### AIM OF THE TASK
Copy out the listing that follows exactly, dropping every picture.

### GIVEN MATERIAL
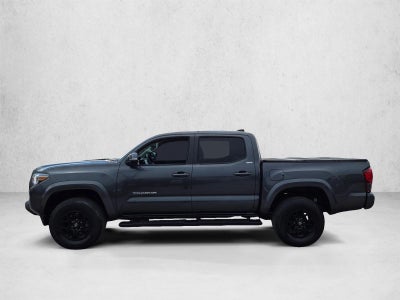 2022 Toyota Tacoma 2WD 2WD SR5 Double Cab 5' Bed V6 AT (GS)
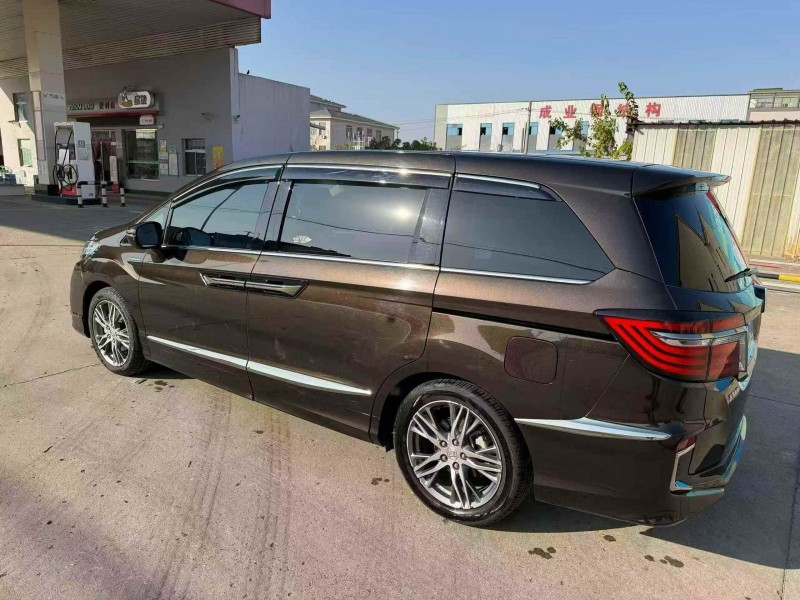 常州20年本田艾力绅7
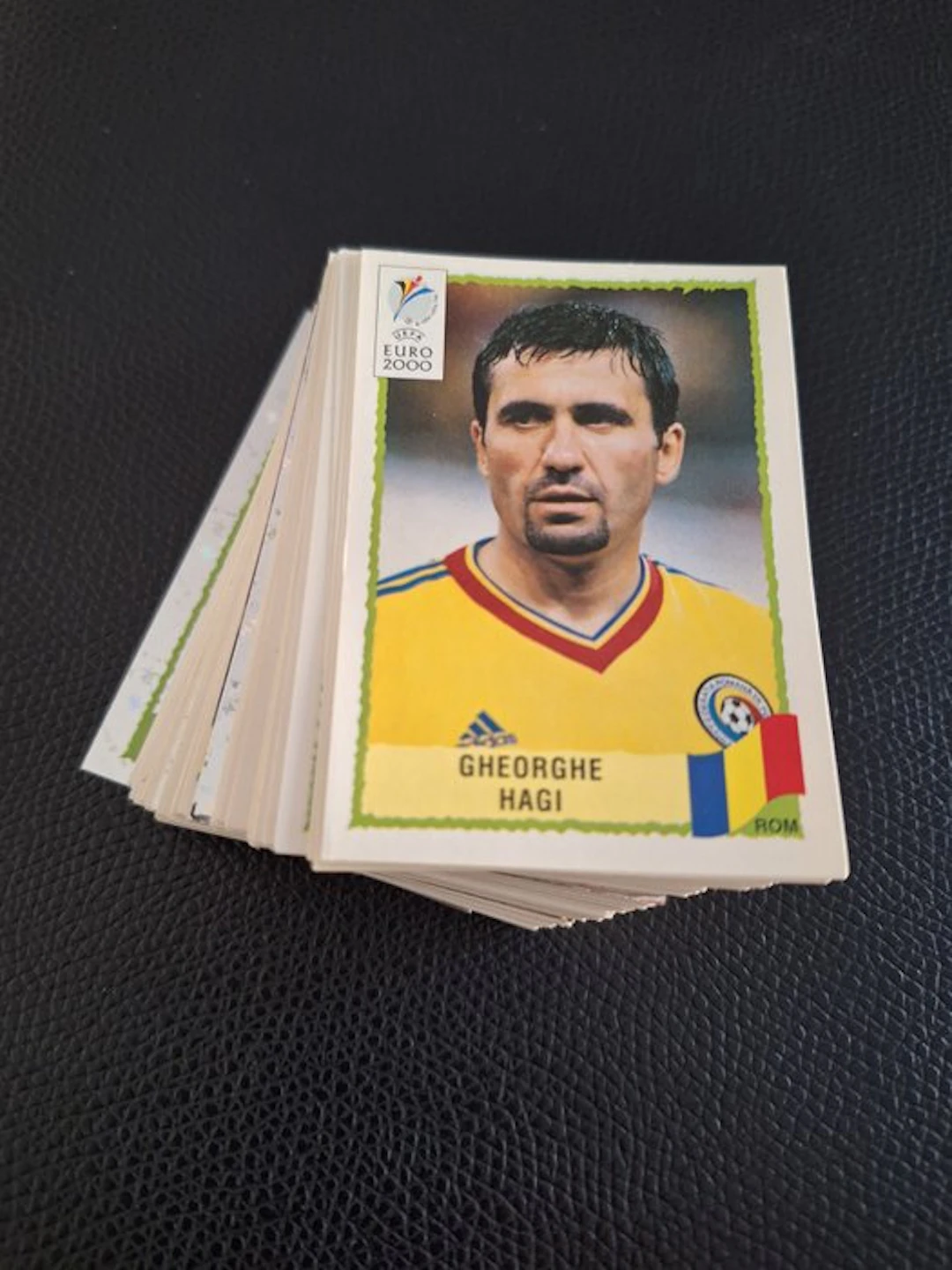 Panini Euro 2000 Top players e Team completi - 111 Sticker - Near Mint (NM)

### ANSWER SECTION
 2022 Toyota Tacoma 2WD 2WD SR5 Double Cab 5' Bed V6 AT (GS)
 常州20年本田艾力绅7
 Panini Euro 2000 Top players e Team completi - 111 Sticker - Near Mint (NM)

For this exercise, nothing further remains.